В течение дву дней все сословия Московского государства по боярской указке высказались за то, чтобы великий государь, царь Алексей Михайлович объявил войну Речи Посполитой за оскорбление своей чести и заодно в защиту православной веры и утвердили корявое постановление Земского Собора;
«За честь великого государя, царя и великого князя Алексея Михайловича всея Руси стоять и против польского короля войну вести. А о гетмане Богдане Хмельницком и Войске Запорожском бояре, и думные дьяки, и стольники, и дворяне, и дети боярские, и головы стрелецкие, и гости, и стрельцы, и тяглые люди приговорили, чтобы великий государь, царь и великий князь Алексей Михайлович всея Руси изволил их с городами и землями принять под свою государеву высокую руку».

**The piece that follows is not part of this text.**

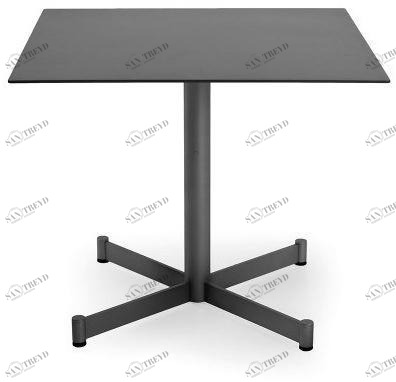 Braid Квадратный алюминиевый садовый столик Teodora 109.001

На московской Покровке для Украины спешно приготовили два посольских двора, Гетманский и Малороссийский, построив новую улицу Малороссийскую, Маросейку. 4 октября Алексей Михайлович на торжественном приеме в Кремле объявил украинскому послу Лаврину Капусте о решении Земского Собора. 9 октября, сразу же за выехавшими в Чигирин казаками, к Богдану Хмельницкому отправилось великое посольство во главе с боярином Василием Бутурлиным и стрелецким головой Артамоном Матвеевым. Боясь, что Чигирин окончательно выберет Стамбул, а не Москву, посольство спешно ушло даже без еще не готовых царских наказов-инструкций, которые догнали полномочных боярина и стрельца только 7 ноября в Путивле.

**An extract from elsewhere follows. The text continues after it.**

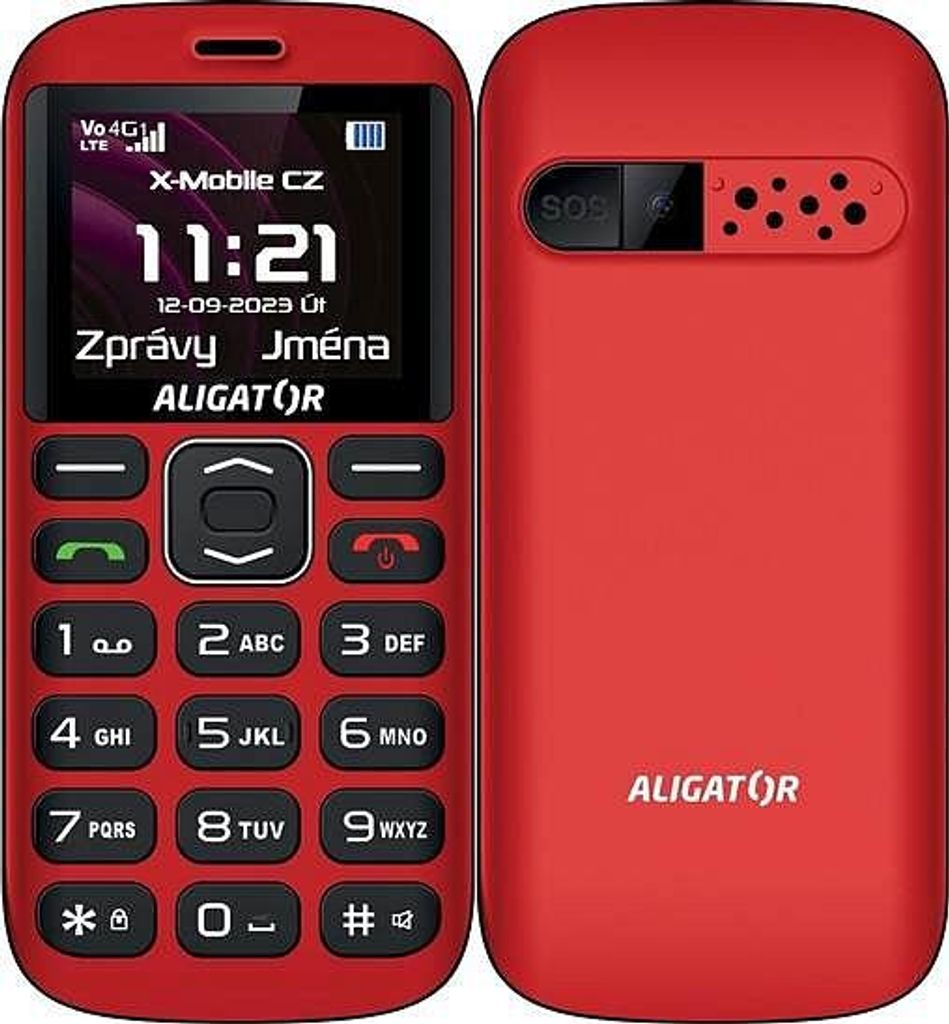 Aligator A720 4G Senior Red Immagine del prodotto 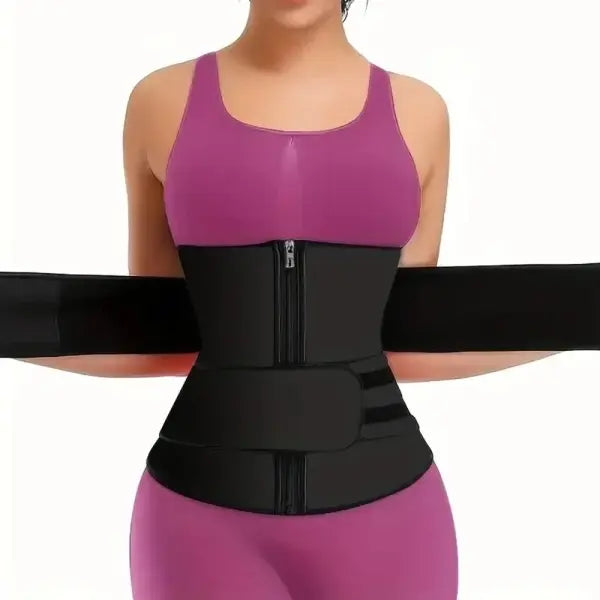 Unisex Waist Trainer Slimming Body Shaper Fitness Belt - H / S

23 октября 1653 года в кремлевском Успенском соборе царь Алексей Михайлович объявил всем иноземным послам и толпе подданных о объявлении войны польскому королю: «Мы, великий государь, положа упование на бога, посоветовавшись с отцом своим, с великим государем, святейшим патриархом Никоном, со всем святейшим собором и с боярами, с окольничими и думными людьми, приговорили идти на недруга своего, короля польского».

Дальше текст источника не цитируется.